Differences in Nasdaq and Canadian Corporate Governance
Our subordinate voting shares are quoted for trading on the Toronto Stock Exchange ("TSX") and The NASDAQ Global Select Market ("NASDAQ") under the symbol "FSV". As a Canadian corporation listed on NASDAQ, we are not required to comply with certain of the NASDAQ corporate governance standards, so long as we comply with Canadian corporate governance practices. In order to claim such an exemption, however, we must disclose the significant differences between our corporate governance practices and those required to be followed by U.S. domestic issuers under NASDAQ's corporate governance standards.
The following is a summary of the significant ways in which our corporate governance practices differ from those required to be followed by U.S. domestic issuers under NASDAQ's corporate governance standards. Except as described in this summary, we are in compliance with the NASDAQ corporate governance standards in all significant respects.
Rule 5620(c) of the NASDAQ Marketplace Rules requires that the minimum quorum requirement for a meeting of shareholders is 33.33% of the outstanding common shares. In addition, Rule 5620(c) requires that an issuer listed on NASDAQ state its quorum requirement in its bylaws. We follow applicable Canadian laws with respect to quorum requirements. Our quorum requirement for a meeting of shareholders is set forth in our by-laws, which requires not less than two shareholders holding or representing by proxy not less than 5% of the issued and outstanding shares which carry voting rights at the meeting.
Section 5615(3) of the NASDAQ Marketplace Rules permits a "foreign private issuer" (as such term is defined in Rule 3b-4 under the U.S. Securities Exchange Act of 1934, as amended) to follow home country practice in lieu of the requirements of the Rule 5600 Series of NASDAQ Marketplace Rules relating to Corporate Governance Requirements (with the exception of certain requirements that are set forth in Section 5615(3) of the NASDAQ Marketplace Rules that must be followed by all issuers).
For example, Section 5635(a) through (d) of the NASDAQ Marketplace Rules requires an issuer to obtain shareholder approval prior to an issuance of securities (in certain circumstances) in connection with: (i) the acquisition of the stock or assets of another company; (ii) equity-based compensation of officers, directors, employees or consultants; (iii) a change of control; and (iv) private placements.
The circumstances under which shareholder approval is required under the NASDAQ Marketplace Rules are not identical to the circumstances under which shareholder approval is required under Canadian and TSX requirements. When the shareholder approval requirements under the NASDAQ Marketplace Rules differ from the Canadian and TSX requirements, we follow the Canadian and TSX requirements. Our practices regarding determining whether shareholder approval is required for a particular offering are not prohibited by Canadian law.
Compensation Committee Responsibilities
Nasdaq Marketplace Rule 5605(d)(3)(D) provides that a listed issuer's compensation committee may select, or receive advice from, a compensation consultant, legal counsel or other adviser only after taking into account certain independence factors.
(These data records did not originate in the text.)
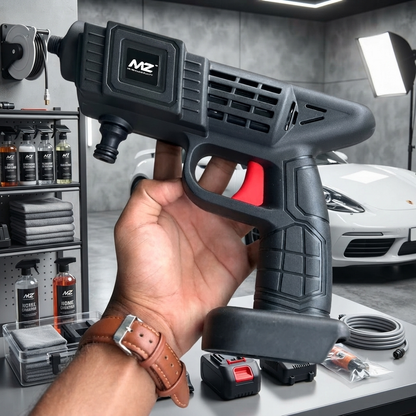 MZ WG02 48Vf Portable Spray Gun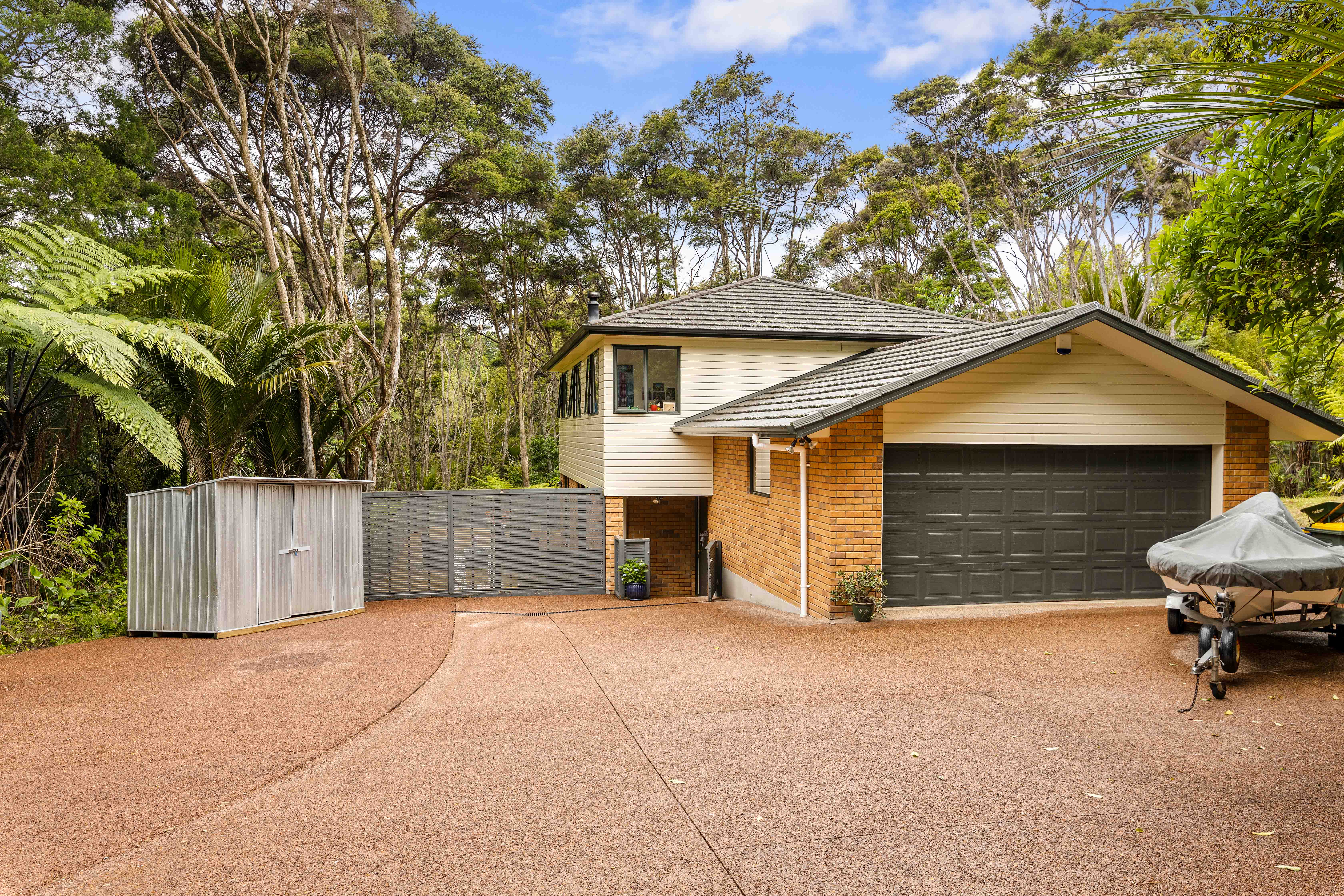 366c Huia Road, Titirangi - Photo 5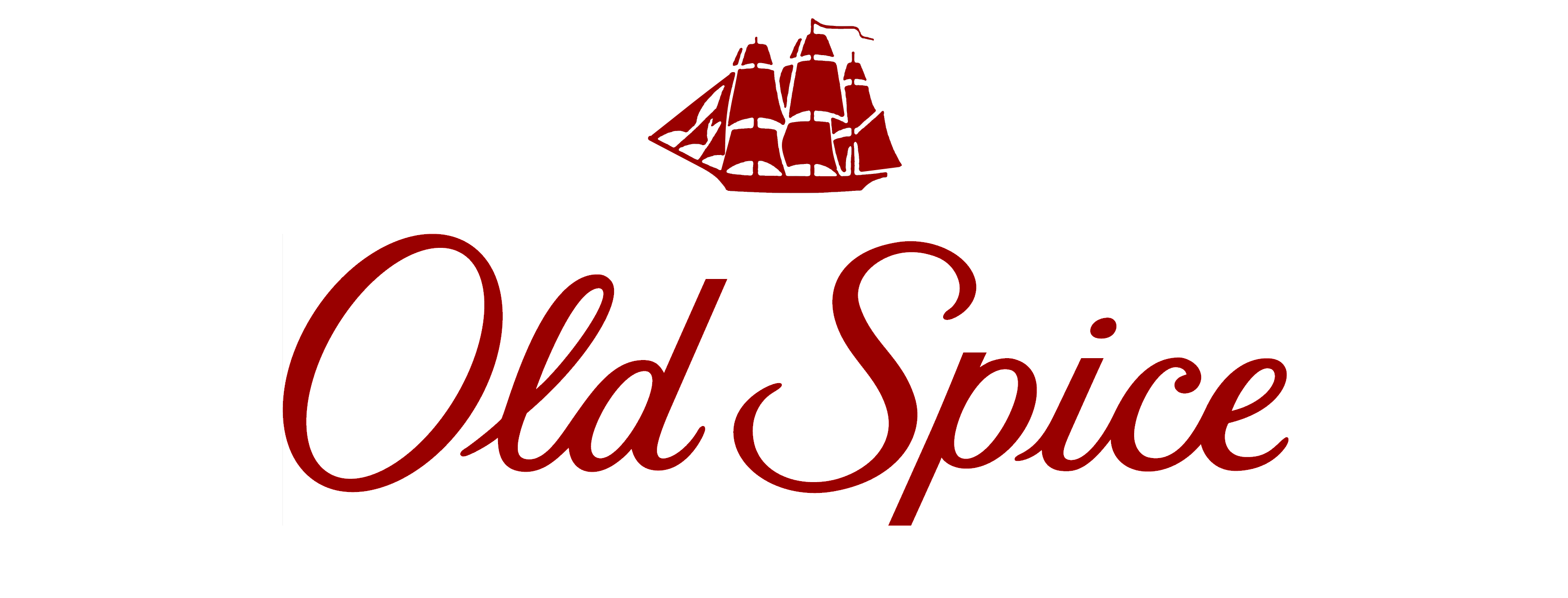 Old spice logo png 3 PNG Image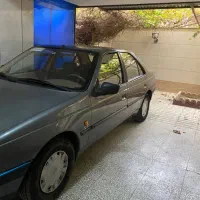 پژو405مدل 92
We follow applicable Canadian laws with respect to compensation consultants, legal counsel and other advisers to our Executive Compensation Committee. Applicable Canadian securities legislation does not specifically require us to consider potential conflicts of interest on the part of compensation consultants, legal counsel and other advisers to the compensation committee, but best practices dictate that we disclose any such conflicts in our management information circular.